## SUPPLIED RECORDS
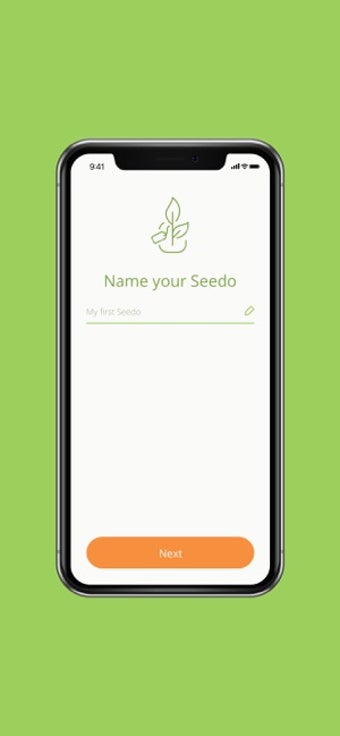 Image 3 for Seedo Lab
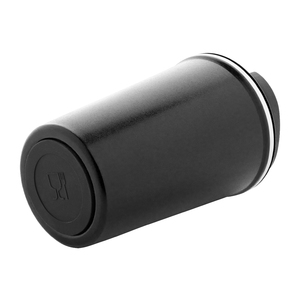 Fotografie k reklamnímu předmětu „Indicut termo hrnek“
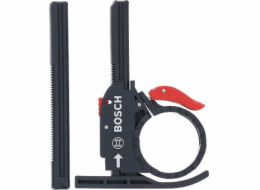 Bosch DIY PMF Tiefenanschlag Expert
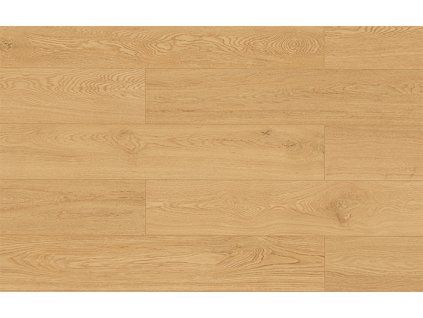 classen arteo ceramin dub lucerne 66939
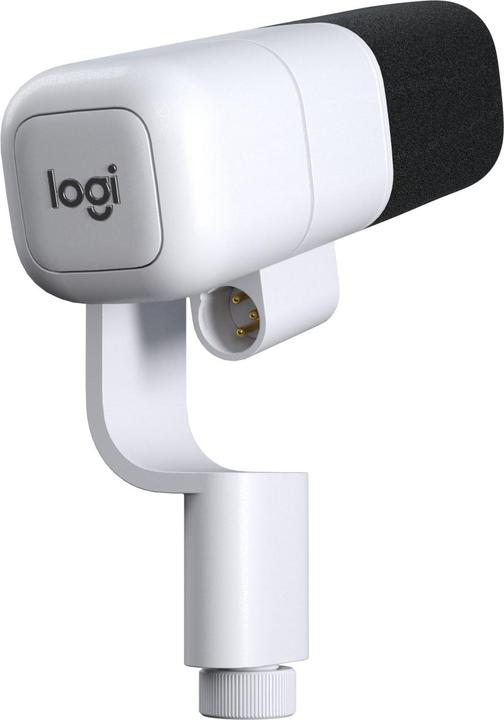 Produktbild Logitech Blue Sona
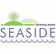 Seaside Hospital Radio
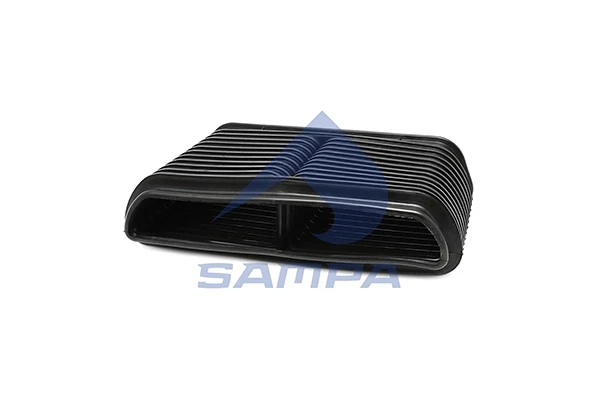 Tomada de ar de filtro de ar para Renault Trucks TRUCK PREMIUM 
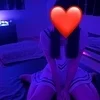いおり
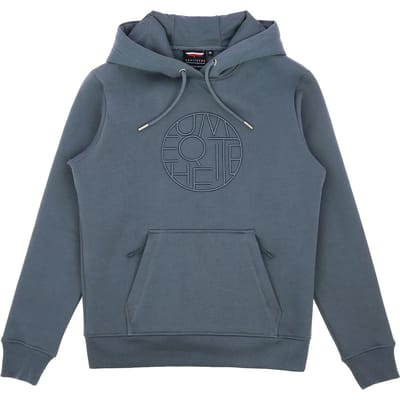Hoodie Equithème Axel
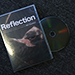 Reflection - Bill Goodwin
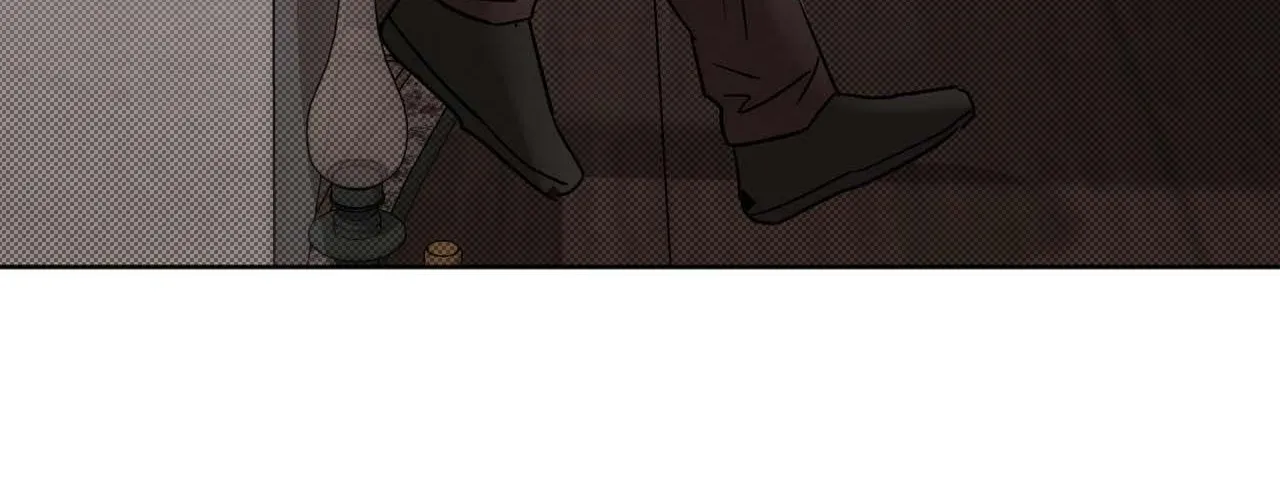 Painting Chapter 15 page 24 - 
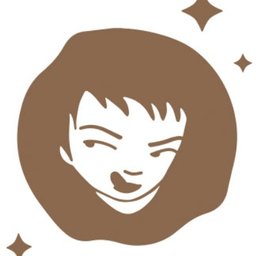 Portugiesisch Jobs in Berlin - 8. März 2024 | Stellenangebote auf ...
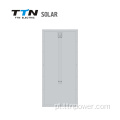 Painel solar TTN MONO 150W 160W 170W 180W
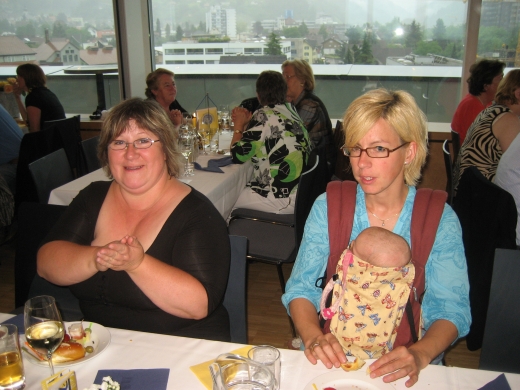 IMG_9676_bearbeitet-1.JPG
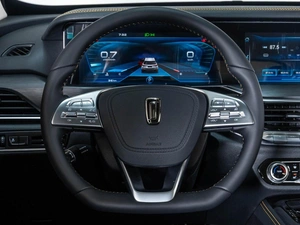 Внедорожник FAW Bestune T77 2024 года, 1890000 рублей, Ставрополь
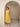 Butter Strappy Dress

--

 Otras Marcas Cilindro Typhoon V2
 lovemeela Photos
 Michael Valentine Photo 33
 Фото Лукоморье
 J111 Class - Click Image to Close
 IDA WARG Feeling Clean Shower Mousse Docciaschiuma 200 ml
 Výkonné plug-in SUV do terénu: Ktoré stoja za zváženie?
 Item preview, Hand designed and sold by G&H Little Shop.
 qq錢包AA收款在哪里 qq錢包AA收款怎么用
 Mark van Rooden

==

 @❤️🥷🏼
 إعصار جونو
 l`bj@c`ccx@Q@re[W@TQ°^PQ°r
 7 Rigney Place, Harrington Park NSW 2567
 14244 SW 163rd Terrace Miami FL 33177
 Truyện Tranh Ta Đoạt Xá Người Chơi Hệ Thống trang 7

## PROBLEM STATEMENT
Copy the listing above exactly, but only from the line with "Image 3 for Seedo Lab" through the line with "Butter Strappy Dress", including those two lines and excluding any picture.

## TASK RESPONSE
 Image 3 for Seedo Lab
 Fotografie k reklamnímu předmětu „Indicut termo hrnek“
 Bosch DIY PMF Tiefenanschlag Expert
 classen arteo ceramin dub lucerne 66939
 Produktbild Logitech Blue Sona
 Seaside Hospital Radio
 Tomada de ar de filtro de ar para Renault Trucks TRUCK PREMIUM 
いおり
Hoodie Equithème Axel
 Reflection - Bill Goodwin
 Painting Chapter 15 page 24 - 
 Portugiesisch Jobs in Berlin - 8. März 2024 | Stellenangebote auf ...
 Painel solar TTN MONO 150W 160W 170W 180W
 IMG_9676_bearbeitet-1.JPG
 Внедорожник FAW Bestune T77 2024 года, 1890000 рублей, Ставрополь
 Butter Strappy Dress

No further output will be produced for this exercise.